In my experience RBPs get a lot more colorful when in ponds. I had an indoor pond of about 1200 gallons with a lot of fish, including 1rbp, giant tilapia, gar, red tail catfish (24"), koi, 9 red ear sliders, a 10" tiger oscar, and a few other misc. fish. He came out with great color and still has is 6 months later.

Oh, and I was sure to feed them a lot. The P would come up for pellets.


----------



## 0123 (May 18, 2004)

does india have a big difference in night/day temp? that could probly cause problems also... where that would definately be a great place for ANY fish to grow, how exactly cant he escape if streams flow through it? is there like some kind of cover or some sh*t? i dont understand this lol sry


----------



## PygoManiac (Jul 26, 2004)

the streams are at the very dark bottom and are very slow but constant and are more like cappilaries. And in my opinion Piranha dont dwell that deep, and he certainly wont try to travel a muddy stream. Climate is quite similar to mexican climate, also it doesnt get very cold at nights and there's 4 months of monsoon after a very hot dry summer.


----------



## Lonald (Jan 10, 2004)

the streams are probly very small underground streams that it wouldnt be able to fit into?


----------



## PygoManiac (Jul 26, 2004)

The whole point is to see whether such a 'natural' habitat does wonders to a blandly colored Piranha. I wont do this if I have to spoon feed him regularly. I think hunger will definitely drive him into snapping at anything he can lay his jaws on.


----------



## 0123 (May 18, 2004)

PygoManiac said:


> The whole point is to see whether such a 'natural' habitat does wonders to a blandly colored Piranha.


 uhhh basically you want him to look like alot of wild caught fish do: more colorfull and large right?

its most likely going to do it... you are basically putting him in a mini amazon river (in a way... cause its gotta be ALOT of water for sure....)

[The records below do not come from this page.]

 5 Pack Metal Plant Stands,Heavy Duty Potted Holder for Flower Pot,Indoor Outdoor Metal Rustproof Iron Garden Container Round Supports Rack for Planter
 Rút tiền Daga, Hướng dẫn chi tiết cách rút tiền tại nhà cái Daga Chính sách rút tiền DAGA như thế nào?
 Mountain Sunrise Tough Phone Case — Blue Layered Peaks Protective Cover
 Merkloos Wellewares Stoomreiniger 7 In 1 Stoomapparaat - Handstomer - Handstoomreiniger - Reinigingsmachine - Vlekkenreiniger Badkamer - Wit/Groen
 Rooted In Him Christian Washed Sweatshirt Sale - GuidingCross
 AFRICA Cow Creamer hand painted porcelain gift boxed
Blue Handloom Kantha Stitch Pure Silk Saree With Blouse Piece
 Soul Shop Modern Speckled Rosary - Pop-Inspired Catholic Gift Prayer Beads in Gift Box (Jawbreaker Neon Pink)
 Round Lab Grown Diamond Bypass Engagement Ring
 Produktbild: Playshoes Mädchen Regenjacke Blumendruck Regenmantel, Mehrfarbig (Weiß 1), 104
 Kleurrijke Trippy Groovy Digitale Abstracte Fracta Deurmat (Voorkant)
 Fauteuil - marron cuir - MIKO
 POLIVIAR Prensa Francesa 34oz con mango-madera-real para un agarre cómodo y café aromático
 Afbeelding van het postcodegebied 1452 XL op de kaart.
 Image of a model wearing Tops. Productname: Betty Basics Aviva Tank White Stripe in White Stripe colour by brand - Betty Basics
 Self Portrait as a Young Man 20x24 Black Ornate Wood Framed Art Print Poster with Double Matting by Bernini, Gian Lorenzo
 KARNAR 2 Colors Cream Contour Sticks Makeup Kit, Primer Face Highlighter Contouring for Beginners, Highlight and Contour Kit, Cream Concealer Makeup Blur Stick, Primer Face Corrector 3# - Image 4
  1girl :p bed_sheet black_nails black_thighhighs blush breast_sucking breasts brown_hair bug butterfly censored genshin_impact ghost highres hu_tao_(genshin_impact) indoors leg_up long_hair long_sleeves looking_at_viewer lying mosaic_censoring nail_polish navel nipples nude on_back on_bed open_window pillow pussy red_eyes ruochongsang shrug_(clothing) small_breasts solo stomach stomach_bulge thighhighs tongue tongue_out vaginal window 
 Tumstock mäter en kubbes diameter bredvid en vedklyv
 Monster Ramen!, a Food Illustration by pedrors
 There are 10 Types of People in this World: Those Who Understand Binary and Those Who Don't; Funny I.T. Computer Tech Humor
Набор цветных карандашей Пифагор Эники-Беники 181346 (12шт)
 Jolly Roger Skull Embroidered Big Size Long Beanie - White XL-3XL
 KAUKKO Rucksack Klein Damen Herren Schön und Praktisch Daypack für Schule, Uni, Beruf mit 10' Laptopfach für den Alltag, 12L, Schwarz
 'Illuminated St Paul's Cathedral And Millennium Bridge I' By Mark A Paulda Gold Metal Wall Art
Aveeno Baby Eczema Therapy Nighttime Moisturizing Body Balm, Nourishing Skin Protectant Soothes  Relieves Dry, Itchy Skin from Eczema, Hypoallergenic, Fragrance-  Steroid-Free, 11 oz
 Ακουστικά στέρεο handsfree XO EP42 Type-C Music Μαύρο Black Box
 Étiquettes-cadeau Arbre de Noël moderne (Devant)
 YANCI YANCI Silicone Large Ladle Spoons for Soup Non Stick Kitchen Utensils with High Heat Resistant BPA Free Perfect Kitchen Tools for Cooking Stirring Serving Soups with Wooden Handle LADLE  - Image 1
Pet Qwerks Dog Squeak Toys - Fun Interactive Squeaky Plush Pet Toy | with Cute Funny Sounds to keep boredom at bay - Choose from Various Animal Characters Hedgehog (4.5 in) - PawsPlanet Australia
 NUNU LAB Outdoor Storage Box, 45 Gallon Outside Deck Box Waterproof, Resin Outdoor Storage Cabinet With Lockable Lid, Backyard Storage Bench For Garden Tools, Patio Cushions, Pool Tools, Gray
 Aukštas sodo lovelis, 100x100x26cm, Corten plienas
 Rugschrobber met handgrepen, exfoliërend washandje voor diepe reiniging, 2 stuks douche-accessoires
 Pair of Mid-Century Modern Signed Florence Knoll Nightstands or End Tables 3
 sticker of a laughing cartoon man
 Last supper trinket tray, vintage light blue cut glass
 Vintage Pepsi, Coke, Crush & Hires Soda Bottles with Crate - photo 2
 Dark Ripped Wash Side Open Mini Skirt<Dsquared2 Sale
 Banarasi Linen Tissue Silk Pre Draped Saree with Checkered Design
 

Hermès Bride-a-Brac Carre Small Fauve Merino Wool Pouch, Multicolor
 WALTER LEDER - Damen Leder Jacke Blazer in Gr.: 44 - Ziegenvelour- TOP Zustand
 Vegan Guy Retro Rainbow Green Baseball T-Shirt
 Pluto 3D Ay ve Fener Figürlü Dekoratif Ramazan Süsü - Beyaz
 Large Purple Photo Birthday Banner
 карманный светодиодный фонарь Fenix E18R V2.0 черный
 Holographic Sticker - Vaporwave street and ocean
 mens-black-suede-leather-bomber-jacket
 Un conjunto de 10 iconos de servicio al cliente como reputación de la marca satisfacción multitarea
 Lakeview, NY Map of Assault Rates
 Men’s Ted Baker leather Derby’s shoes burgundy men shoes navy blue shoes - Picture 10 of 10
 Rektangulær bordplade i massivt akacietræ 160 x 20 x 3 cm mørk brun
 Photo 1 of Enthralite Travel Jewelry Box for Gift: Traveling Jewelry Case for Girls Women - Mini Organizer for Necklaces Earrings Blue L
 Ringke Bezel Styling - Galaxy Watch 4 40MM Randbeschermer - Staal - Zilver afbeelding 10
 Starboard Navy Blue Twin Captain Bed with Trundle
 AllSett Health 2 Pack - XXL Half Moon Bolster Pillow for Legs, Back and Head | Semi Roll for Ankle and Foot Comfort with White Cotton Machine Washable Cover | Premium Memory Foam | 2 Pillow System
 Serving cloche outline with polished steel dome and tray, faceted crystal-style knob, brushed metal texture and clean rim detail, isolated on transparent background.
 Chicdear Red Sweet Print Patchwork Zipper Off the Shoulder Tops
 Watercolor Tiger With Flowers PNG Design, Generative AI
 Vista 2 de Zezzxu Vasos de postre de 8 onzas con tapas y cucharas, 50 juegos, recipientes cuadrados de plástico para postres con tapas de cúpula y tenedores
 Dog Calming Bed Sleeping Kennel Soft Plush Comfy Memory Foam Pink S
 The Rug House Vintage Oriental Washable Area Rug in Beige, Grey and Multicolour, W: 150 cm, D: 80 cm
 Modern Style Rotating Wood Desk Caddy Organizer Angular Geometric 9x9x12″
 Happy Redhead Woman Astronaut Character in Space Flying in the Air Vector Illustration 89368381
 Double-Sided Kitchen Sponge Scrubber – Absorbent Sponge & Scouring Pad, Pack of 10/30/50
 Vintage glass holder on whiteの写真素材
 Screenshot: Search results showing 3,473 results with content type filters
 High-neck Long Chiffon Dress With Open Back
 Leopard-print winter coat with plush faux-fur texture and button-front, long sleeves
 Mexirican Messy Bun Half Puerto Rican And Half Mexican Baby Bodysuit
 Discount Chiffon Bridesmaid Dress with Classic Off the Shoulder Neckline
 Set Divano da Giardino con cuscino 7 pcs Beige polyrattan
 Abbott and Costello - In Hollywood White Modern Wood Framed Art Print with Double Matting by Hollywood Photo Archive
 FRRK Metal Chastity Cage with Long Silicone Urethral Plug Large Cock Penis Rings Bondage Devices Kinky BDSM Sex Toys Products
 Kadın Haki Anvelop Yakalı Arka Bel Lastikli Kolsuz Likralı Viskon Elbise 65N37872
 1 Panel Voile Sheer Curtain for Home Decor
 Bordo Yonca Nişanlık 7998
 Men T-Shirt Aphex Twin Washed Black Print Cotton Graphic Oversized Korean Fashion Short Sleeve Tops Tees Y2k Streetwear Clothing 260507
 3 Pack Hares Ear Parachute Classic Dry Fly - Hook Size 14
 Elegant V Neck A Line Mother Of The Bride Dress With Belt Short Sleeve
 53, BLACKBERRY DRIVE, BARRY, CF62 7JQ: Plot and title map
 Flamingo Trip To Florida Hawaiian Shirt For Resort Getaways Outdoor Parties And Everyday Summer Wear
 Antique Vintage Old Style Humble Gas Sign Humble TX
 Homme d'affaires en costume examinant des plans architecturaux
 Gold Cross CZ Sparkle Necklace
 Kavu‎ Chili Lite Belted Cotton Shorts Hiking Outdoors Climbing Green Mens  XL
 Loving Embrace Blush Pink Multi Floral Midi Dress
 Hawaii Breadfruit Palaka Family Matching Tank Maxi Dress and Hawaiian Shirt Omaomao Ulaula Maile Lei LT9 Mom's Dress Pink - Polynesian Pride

also what about your water surely theres some difference being outdoors (ok sorry bout i know nothing about india is it like lots of trees, desert, or what?) cause i know some leaves can lower/raise the ph and all that


----------



## elTwitcho (Jun 22, 2004)

PygoManiac said:


> the streams are at the very dark bottom and are very slow but constant and are more like cappilaries. And in my opinion Piranha dont dwell that deep, and he certainly wont try to travel a muddy stream. Climate is quite similar to mexican climate, also it doesnt get very cold at nights and there's 4 months of monsoon after a very hot dry summer.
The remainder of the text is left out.